Over the next two weeks, we’re taking a slightly different approach on the blog. In today’s article, the first of two parts, we will hear from Jérôme Torres-Lozano of Inventus, a user of Iconic’s Neural MT solutions for e-discovery. He gives us an entertaining look at his experiences on the challenges of language, particular in the legal field, and how language technology is helping to overcome these obstacles. Enjoy!
"Un type spécial de beauté existe qui est né dans la langue, de la langue et pour la langue.” – Gaston Bachelard (1884-1962) French philosopher and poet.
As a Belgian national born to Spanish parents, my love affair with languages started at a young age. I was brought up bilingual in a country with three national languages, namely Dutch, French and German; this meant that I was constantly exposed to different languages and cultures. When growing up in Brussels, reading traffic signs, street names and publicity boards displayed both in Dutch and French became second nature.
Family summer holidays spent in Galicia or Valencia, my mother’s and father’s respective home regions, added yet another layer to my life’s linguistic fabric. Galician, an official language closely related to Portuguese, is spoken in my mother’s region, and Valencian, the official name given to the variant of Catalan spoken in my father’s region. These additional languages punctuated our extended family conversations as cousins, uncles and aunts rapidly turned back, out of habit, to their own regional vernacular, meaning my siblings and I had to quickly pick up the semantics, syntax and lexicology of these languages in order to keep up with the family chatter.
Unsurprisingly, I went on to study English and Italian in the Home Counties and Dutch in the Brabançon town of Tilburg in the very south of the Netherlands, just 90 minutes from Brussels. My first job in the UK, some twenty years ago, was at a major translation corporation in Berkshire, programme managing translations of automotive and telecom manuals into Norwegian and Swedish. No, I do not speak either of those languages before you ask.
This exposure to the translation world cemented my belief that “a special kind of beauty exists which is born in language, of language, and for language” (G. Bachelard). 15 years on, the beauty of languages and translation is now even more prevalent in my world of e-Discovery and Computer Forensics. The rise in global commerce has seen an increase in cross-border litigation, arbitration and compliance investigations, which has in turn meant that the industry has had to develop or tweak existing technical and human solutions to deal with the processing, keyword searching, the review and potential translation of documents for these types of legal matters.
It’s all Caesar Salad to me!
Firstly, the industry was faced with the technical limitations of processing data that was not in simple Latin script.
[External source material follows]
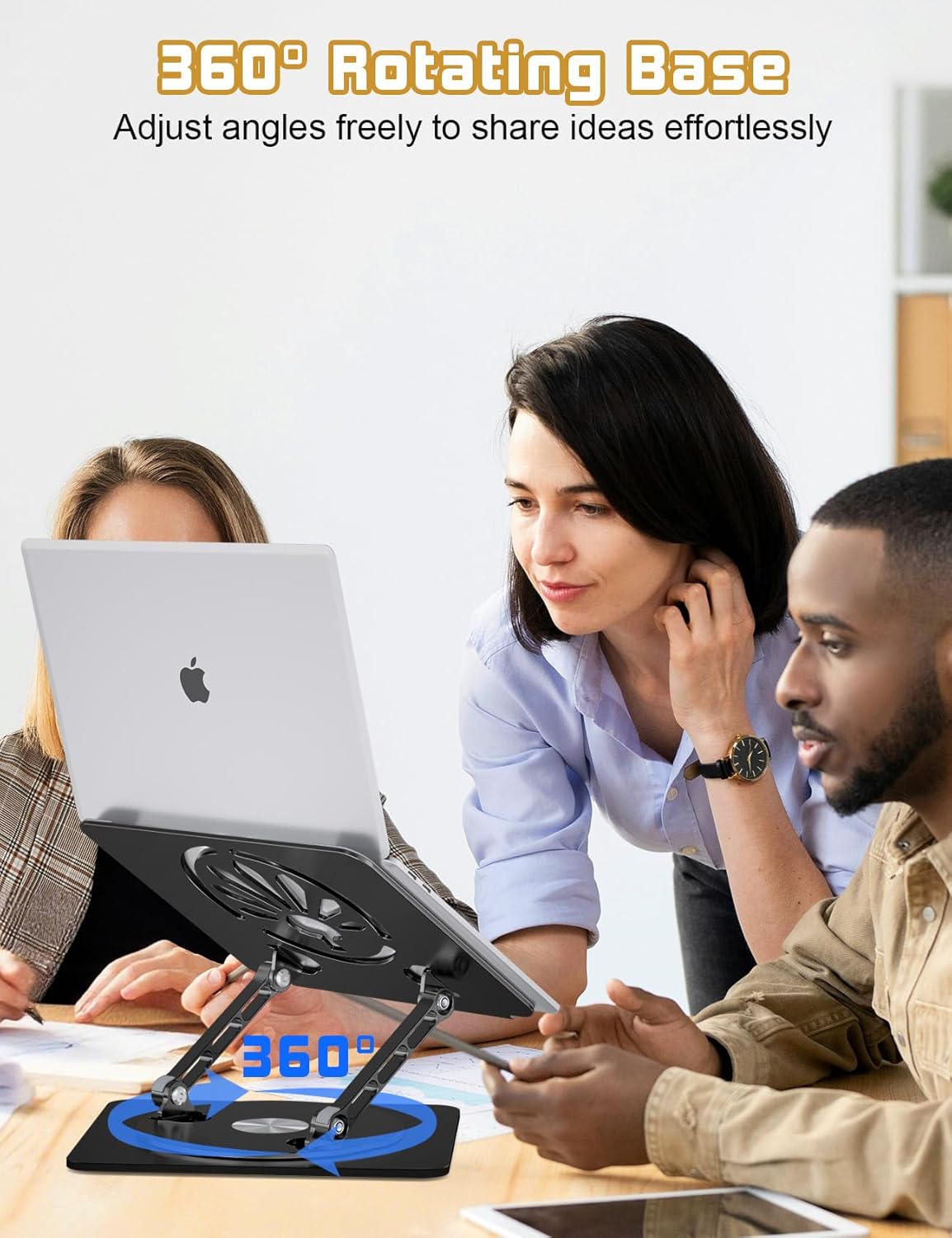 Adjustable Laptop Stand for Desk-360° Rotating Foldable Laptop Holder Ergonomic Laptop Riser for MacBook Pro/Air Dell HP Lenovo Notebook up to 16",Black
Processing documents in languages that use the Roman alphabet but with extended Latin script (i.e. accents and special characters, which most languages have) was a real challenge. My French name is a perfect example. Even to this day, when completing an online form, the rendering of it can turn from Jérôme to a rather disturbing Jirtme on some language unfriendly sites.
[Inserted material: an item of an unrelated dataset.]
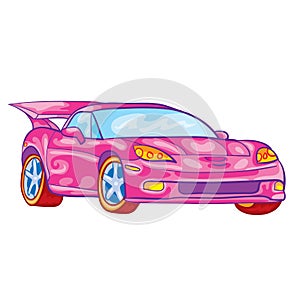 Pink racing car with driver inside, toy, isolated object on a white background, vector illustration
The Japanese kindly refer to this garbling of characters as Mojibake (文字化け), meaning unintelligible. The Russian coined it krakozyabry (кракозя́бры), Germans may call it Buchstabensalat (a salad of letters or think alphabetti spaghetti) but all languages not using simple Latin characters would suffer from some level of scrambling of text. E-discovery providers had to painstakingly apply the correct language encoding to each document to eradicate the issue or at the very least minimise it.
And then came Unicode, the so-called universal panacea of all encoding systems, or so it seemed. Its UTF-8 variant seems to have been adopted as the worldwide standard and while it eliminated many of the Mojibake issues encountered in the past, these are still present when dealing with legacy systems and other proprietary or Asian email systems that still have their own encoding system or partly use Unicode.
Once most e-Disclosure specialists were able to process foreign language documents, the next challenge was how to identify specific languages in the universe of data to assist the legal teams in planning their review, the amount of documents that may need translation and/or the allocation of foreign language review resources.